Hacking your car’s multifunction display

attiny_mfa_switcher

[Steve] has an older third generation VW Golf, and as those who have owned one surely know, the beloved VR6 engine is wonderful but finicky. He says that the VR6 is particularly picky when it comes to oil temperature, so his daily routine involves hitting the MFA switch five times upon starting his car to bring up the oil temp in the display. This obviously gets old after awhile, so he rigged up a small circuit to do the switching for him.

He pulled the gauge cluster from the dash and then located the pins that correspond to the MFA display switch. Using an ATtiny12, he put together a small circuit that toggles the switch for him automatically each time he starts the car. Since his solution uses so few parts, he was easily able to tuck his creation behind the gauge cluster before reinstalling it.

Now each time he gets in his car, he is quickly greeted with the engine’s oil temp without having to fuss with his display.

27 thoughts on “Hacking your car’s multifunction display

    1. He hasn’t really messed with the cluster, he has messed with an input going to the cluster for the MFA. The DOT doesn’t care.

  1. Hello Andrew,
    this is my hack, and a oil cooler is already installed on a stock engine.

    the problem is that when the oil is cool (below 60°C) it builds to much pressure at high revs, so you drive it slow until 60°C are reached.

    Steve

    1. @Steve

      Elegant solution to a simple problem. Good job.

      If you didnt have an atiny laying around, I think a 555 timer could have been used in its place. But the part count may have gone up.

      I digress. Could you have tapped the oil temp feed and driven an LCD directly? Then you’d avoid ripping apart the dash which, I’m sure, wasn’t pleasant.

      1. “Ripping apart” the dash of a Golf 3 to get the gauge cluster out requires removing 4 screws, some plastic covers and takes less than 5 minutes if you know how to do it. Changing a tire is a harder job :)

    2. Maybe use a synthetic?
      Also have you checked the thermostat on the cooling system?
      Now if you could interface to the bus you could have it change to OT when it was under x an or over y :)

      1. vr´s are run only on fully synthetic oil, the problem comes from a very often defect oil pressure limiter.
        And with cold oil the pressure goes then up to 15bar or more on high revs, killing the chain what is tensioned with the oil pressure.

  2. On the Saturn Sky Redline I used to have, the fog lights would only come on with the headlights if you hit the foglight button – but the button is electronic and resets every time you turn off the car.

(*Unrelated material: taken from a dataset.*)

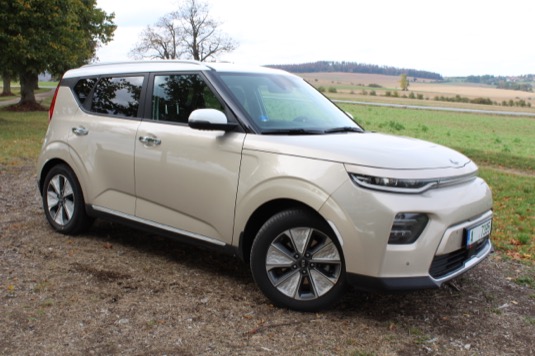 auto elektromobil test Kia e-Soul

But the car looks better with the fog lights on, so I always wanted them to default to on. I wanted to do something a long these lines to toggle it at startup, but never got around to it. Neat hack though!

      1. More specifically, fog lights are easily misaligned (if they are aligned at all) and therefore have a tendency to blind other drivers (both oncoming drivers and drivers ahead of you).

    1. Not sure about the rest of the world but here in Australia there is a ~$300 fine for using your fog lights when there is no fog. For exactly the reason shadyman said, they tend to blind oncoming drivers.

  3. interestingly, with so few components, and such an easy fix……why haven’t VW done this?

    Then again if they did, th board would be a stupid price!

    “Zat vill be 3000euro bitte!”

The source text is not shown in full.